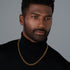 VVS 8mm Gold Cuban Link Chain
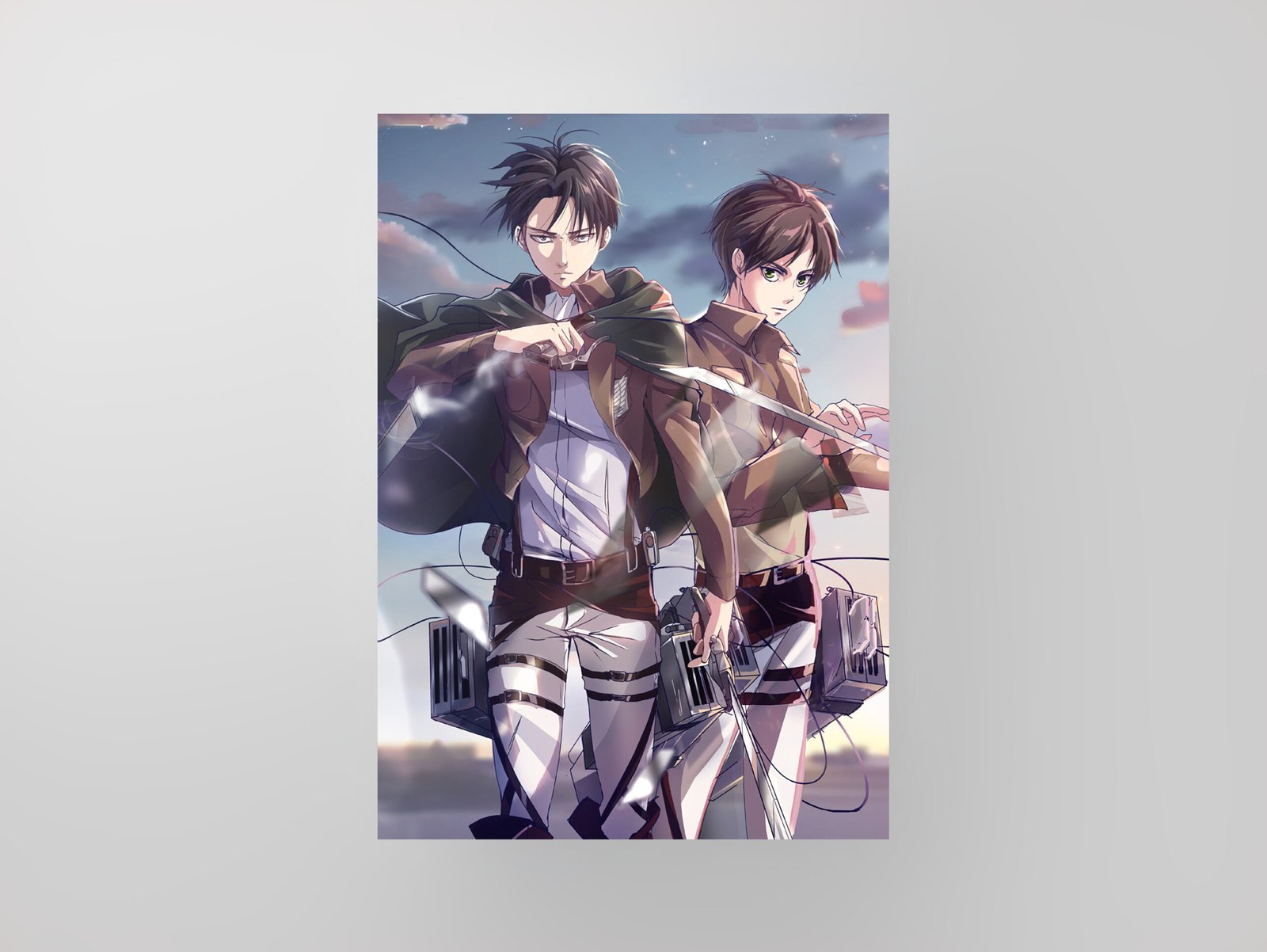 Attack on Titan | The Final Showdown | Anime Art Poster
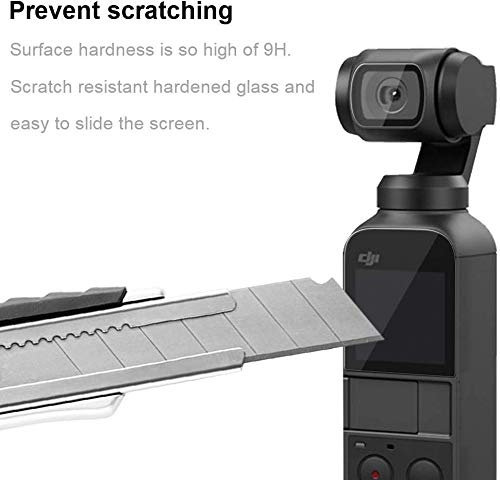 Image of M.G.R.J Tempered Glass Screen Protector for DJI Osmo Pocket 2 / Pocket 1 Camera (2 P'cs Set)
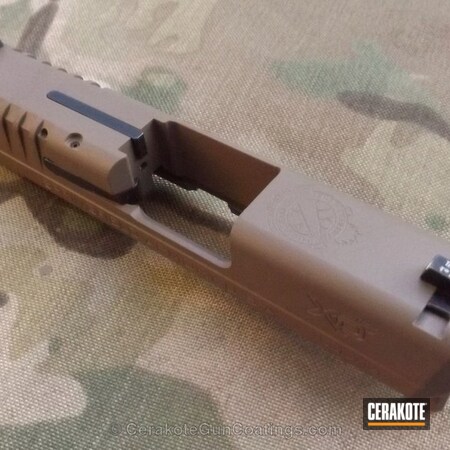 Powder Coating: Gun Parts,Coyote Tan H-235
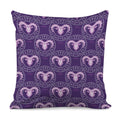 Purple Aries Zodiac Pattern Print Pillow Cover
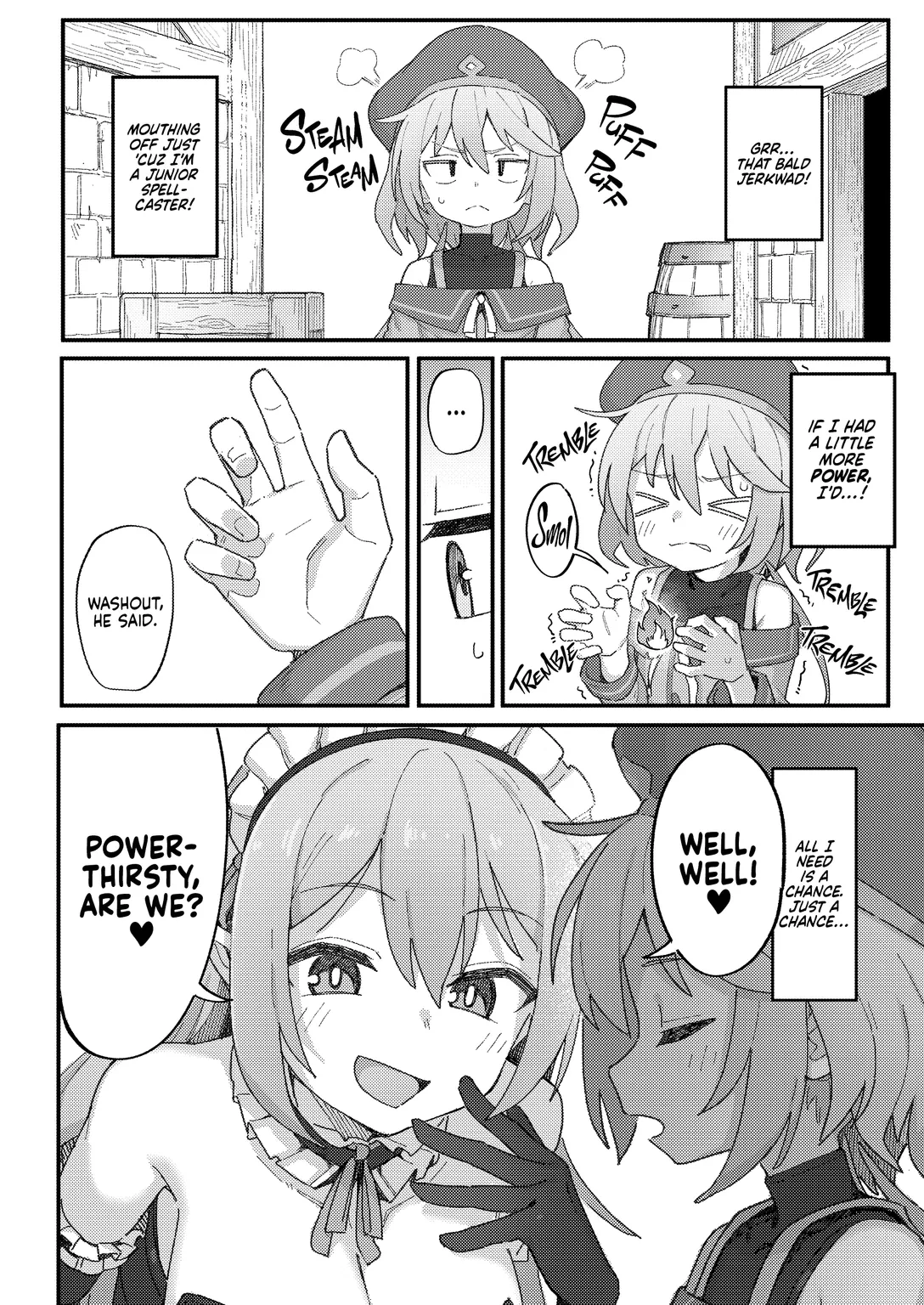 Kakyuu majutsushi, inmon ni somaru | The Junior Spellcaster and the Succubus Curse (Decensored) - Page 5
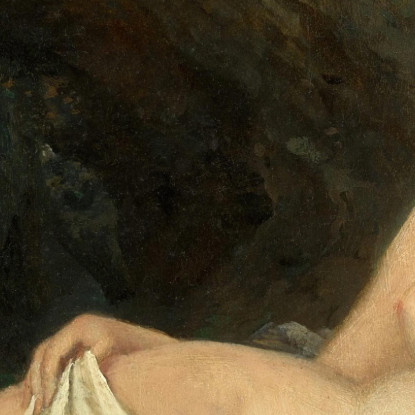 Nudo Femminile Sdraiato Vicino A Una Cascata William Etty wet21 quadro stampato su tela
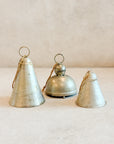 Hanging Pewter Metal Bells, Set of 3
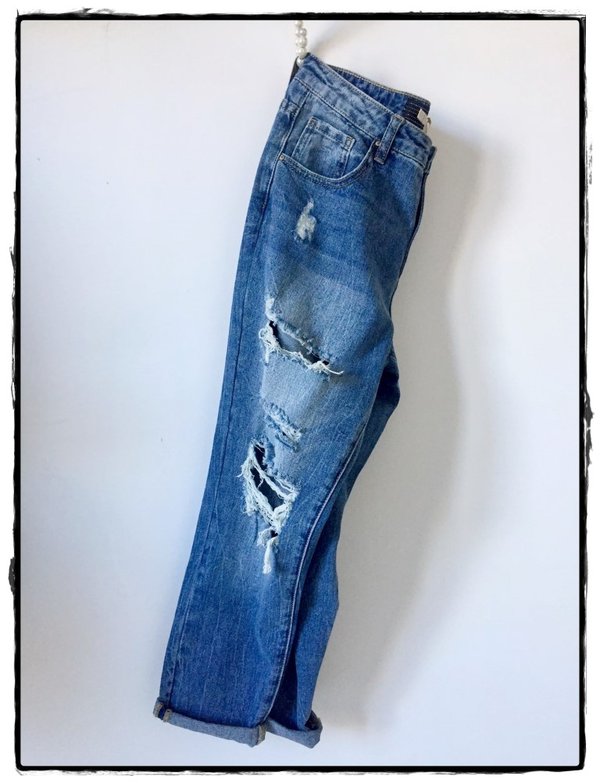 Jeans rotture.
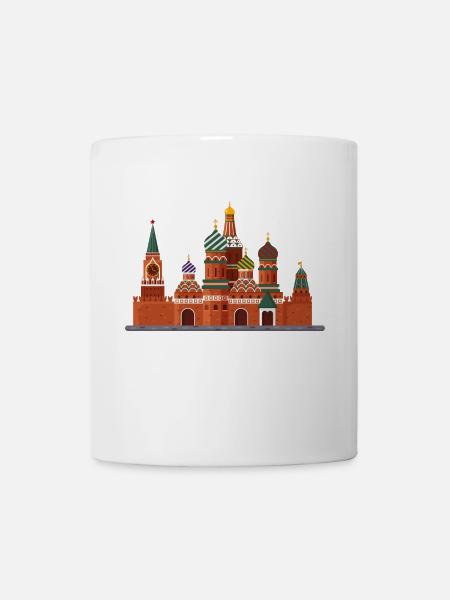 Monument du Kremlin à Moscou - Mug blanc - blanc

- **TASK REQUIREMENTS**
Write out the entries again, exactly as given, skipping any images.

- **EXERCISE RESULT**
 VVS 8mm Gold Cuban Link Chain
 Attack on Titan | The Final Showdown | Anime Art Poster
 Image of M.G.R.J Tempered Glass Screen Protector for DJI Osmo Pocket 2 / Pocket 1 Camera (2 P'cs Set)
 Powder Coating: Gun Parts,Coyote Tan H-235
 Purple Aries Zodiac Pattern Print Pillow Cover
 Kakyuu majutsushi, inmon ni somaru | The Junior Spellcaster and the Succubus Curse (Decensored) - Page 5
 Nudo Femminile Sdraiato Vicino A Una Cascata William Etty wet21 quadro stampato su tela
 Hanging Pewter Metal Bells, Set of 3
 Jeans rotture.
 Monument du Kremlin à Moscou - Mug blanc - blanc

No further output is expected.